Should I use XPath or just DOM?

Pete  picture Pete · Mar 4, 2011 · Viewed 8.6k times · Source

I have a bunch of hierarchical data stored in an XML file. I am wrapping that up behind hand-crafted classes using TinyXML. Given an XML fragment that describes a source signature as a set of (frequency, level) pairs a bit like this:

<source>
  <sig><freq>1000</freq><level>100</level><sig>
  <sig><freq>1200</freq><level>110</level><sig>
</source>

i am extracting the pairs with this:

std::vector< std::pair<double, double> > signature() const
{
    std::vector< std::pair<double, double> > sig;
    for (const TiXmlElement* sig_el = node()->FirstChildElement ("sig");
        sig_el;
        sig_el = sig_el->NextSiblingElement("sig"))
    {
        const double level = boost::lexical_cast<double> (sig_el->FirstChildElement("level")->GetText());
        const double freq =  boost::lexical_cast<double> (sig_el->FirstChildElement("freq")->GetText());
        sig.push_back (std::make_pair (freq, level));
    }
    return sig;
}

where node() is pointing at the <source> node.
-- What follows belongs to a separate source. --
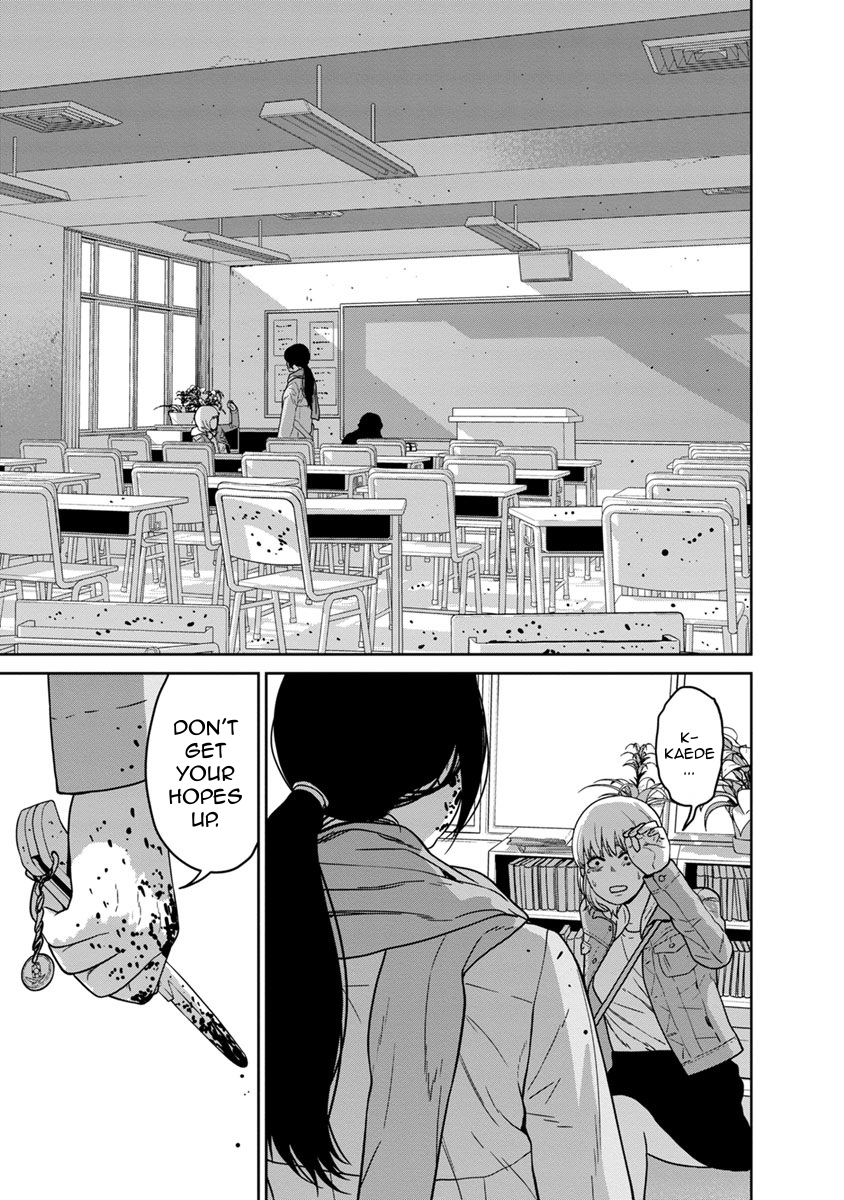 Kyoushitsu Jibaku Club Chapter 8 page 42 - Chapter 8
Question: would I get a neater, more elegant, more maintainable or in any other way better piece of code using an XPath library instead?

Update: I have tried it using TinyXPath two ways. Neither of them actually work, which is a big point against them obviously. Am I doing something fundamentally wrong? If this is what it is going to look like with XPath, I don't think it is getting me anything.

std::vector< std::pair<double, double> > signature2() const
{
    std::vector< std::pair<double, double> > sig;
    TinyXPath::xpath_processor source_proc (node(), "sig");
    const unsigned n_nodes = source_proc.u_compute_xpath_node_set();
    for (unsigned i = 0; i != n_nodes; ++i)
    {
        TiXmlNode* s = source_proc.XNp_get_xpath_node (i);
        const double level = TinyXPath::xpath_processor(s, "level/text()").d_compute_xpath();
        const double freq =  TinyXPath::xpath_processor(s, "freq/text()").d_compute_xpath();
        sig.push_back (std::make_pair (freq, level));
    }
    return sig;
}

std::vector< std::pair<double, double> > signature3() const
{
    std::vector< std::pair<double, double> > sig;
    int i = 1;
    while (TiXmlNode* s = TinyXPath::xpath_processor (node(), 
        ("sig[" + boost::lexical_cast<std::string>(i++) + "]/*").c_str()).
        XNp_get_xpath_node(0))
    {
        const double level = TinyXPath::xpath_processor(s, "level/text()").d_compute_xpath();
        const double freq =  TinyXPath::xpath_processor(s, "freq/text()").d_compute_xpath();
        sig.push_back (std::make_pair (freq, level));
    }
    return sig;
}

As a secondary issue, if so, which XPath library should I be using?

Answer

Alain Pannetier picture Alain Pannetier · Mar 5, 2011

In general I tend to prefer XPath based solutions for their concision and versatility but, honestly, in your case, I don't think using XPath will bring a lot to your signature.

Here is why:

Code elegance
Your code is nice and compact and it will not get any better with an XPath expression.

Memory footprint
Unless your input XML configuration file is huge (a kind of oxymoron) and the DOM parsing would entail a large memory footprint, for which there is no proof that using XPath would be a decisive cure, I would stick with DOM.

Execution Speed
On such a simple XML tree, execution speed should be comparable. If there would be a difference, it would probably be in TinyXml's advantage because of the collocation of the freq and level tags under a given node.

Libraries and external references That's the decisive point.
The leading XPath engine in the C++ world is XQilla. It supports XQuery (therefore both XPath 1.0 and 2.0) and is backed by Oracle because it's developed by the group responsible for Berkeley DB products (including precisely Berkeley DB XML – which uses XQilla).
The problem for C++ developers wishing to use XQilla is that they have several alternatives

  1. use Xerces 2 and XQilla 2.1 litter your code with casts.
  2. use XQilla 2.2+ and use Xerces 3 (no casts needed here)
  3. use TinyXPath nicely integrated with TinyXml but for which there however are a number of limitations (no support for namespaces for instance)
  4. mix Xerces and tinyXml

In summary, in your case switching to XPath just for the sake of it, would bring little benefit if any.

Yet, XPath is a very powerful tool in today's developer toolbox and no one can ignore it. If you just wish to practice on a simple example, yours is as good as any. Then, I'd keep in mind the points above and probably use TinyXPath anyway.